Web 2.0 Technologies is similar to other NPEs, asserting two patents against well-known companies for technology that has been around since the turn of the millennium. The “infringing products” include software that gathers and stores personal information and preferences, then grants certain users access rights to that information. Their cases last only a few months, suggesting a cost-of-defense settlement that is the hallmark of nuisance-based patent troll litigation.

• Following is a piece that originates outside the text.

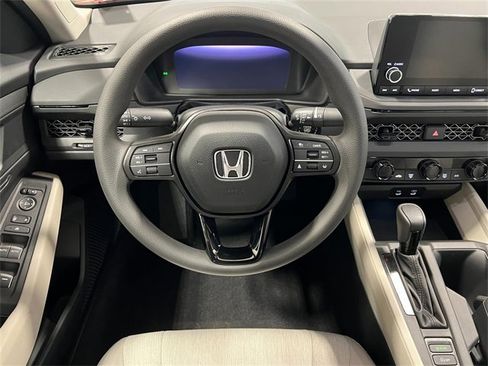 New 2025 Honda Accord LX image 17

What is unclear is how Web 2.0 Technologies receives its funding. The entity is apparently inventor-controlled, meaning the original inventors of the patents received the necessary funding to assert the patents against others. Sometimes, NPEs are self-funded and the litigation is financed by the owners of the NPE itself. But this is a difficult task. The cost of legal enforcement, experts, and other administrative expenses can be quite large. NPEs only realize revenue when settling a case or receiving a damages award years after creation. It’s no secret that early-stage NPEs require funding for the purchase and enforcement of patents.
But where does that financing come from? It depends on the NPE. Nuisance-based NPEs (i.e., patent trolls) are often financed by third party investment firms who can stomach the long game that includes dozens of lawsuits, each resulting in a low return on investment. These entities may find it more difficult to receive funding as a result.
High-stakes NPEs are more likely to be funded if they can show their case has merit. Typically, litigation finance firms are only willing to fund high-stakes lawsuits with a potential 10x return on investment. These cases are carefully vetted, with lawyers and damages experts analyzing the risk associated with infringement, invalidity, and damages. Everyone involved knows – the case will likely proceed to trial against high-priced lawyers and the best prior art that can be found. Every stone will be unturned because both the risk and reward are high. These are not “patent trolls” by any meaning of the term, but rather, companies that expect their patents to be challenged.
Given this dichotomy, it’s always important to ask – who is funding the NPE litigation? The cost of settlement is often tied to the firm backing the NPE despite their inability to agree or disagree to settlement terms.